Other drugs used only in certain special situations are:
• Growth hormone: Prader Willi syndrome
• Octreotide: Hypothalamic obesity
• Leptin: Leptin deficiency
The FDA approved a number of weight-loss medications for adults and these medications are appropriate for those ≥16 years of age with BMI ≥30kg/m2 or who have BMI ≥27 kg/m2 and at least one weight related comorbidity (e.g., hypertension or T2DM).
Medication should be discontinued and the child should be re-evaluated if he/she does not have a 0.4% BMI/BMI z-score reduction after taking full dose of anti-obesity medication for 12 weeks.
BARIATRIC SURGERY
Pre-requisites (Endocrine Society recommendations):
1) Adolescent Tanner 4-5, and final/near final adult height.
2) BMI 40kg/m2 or BMI >35kg/m2 and significant extreme comorbidities.
3) Extreme obesity and co-morbidities persist despite lifestyle modification, with or without trial of pharmacotherapy.
4) Psychological evaluation confirms stability & competence of the family
5) Patient demonstrates ability to adhere to the principles of healthy dietary and activity habits.
6) Access to experienced surgeon in medical center.

Contraindications of bariatric surgery: preadolescents, pregnant/ breastfeeding, unresolved eating disorder, untreated psychiatric disorder, or Prader-Willi syndrome.

PREVENTION

Lifestyle behaviors to prevent obesity, rather than intervention to lose weight should be aimed in all children.
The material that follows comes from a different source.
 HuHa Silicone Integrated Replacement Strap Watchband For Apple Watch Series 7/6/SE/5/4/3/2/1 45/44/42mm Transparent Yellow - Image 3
Efforts must begin early in life, because childhood obesity usually persists into adulthood. Exclusive breastfeeding should be encouraged till 6months of age and maintenance of breastfeeding after introduction of solid food till 12 months of age. Children should limit consumption of sugar-sweetened beverages and fast foods, limit screen time, and consume well balanced diet. Consumption of whole fruits should be encouraged rather than fruit juices. Children and adolescents should engage in at least 20 minutes, ideally 60 minutes, of vigorous physical activity at least 5 days per week to improve metabolic health and reduce the chances of developing obesity. Participation of the parents to help the child develop healthy eating habits is crucial to prevention of obesity.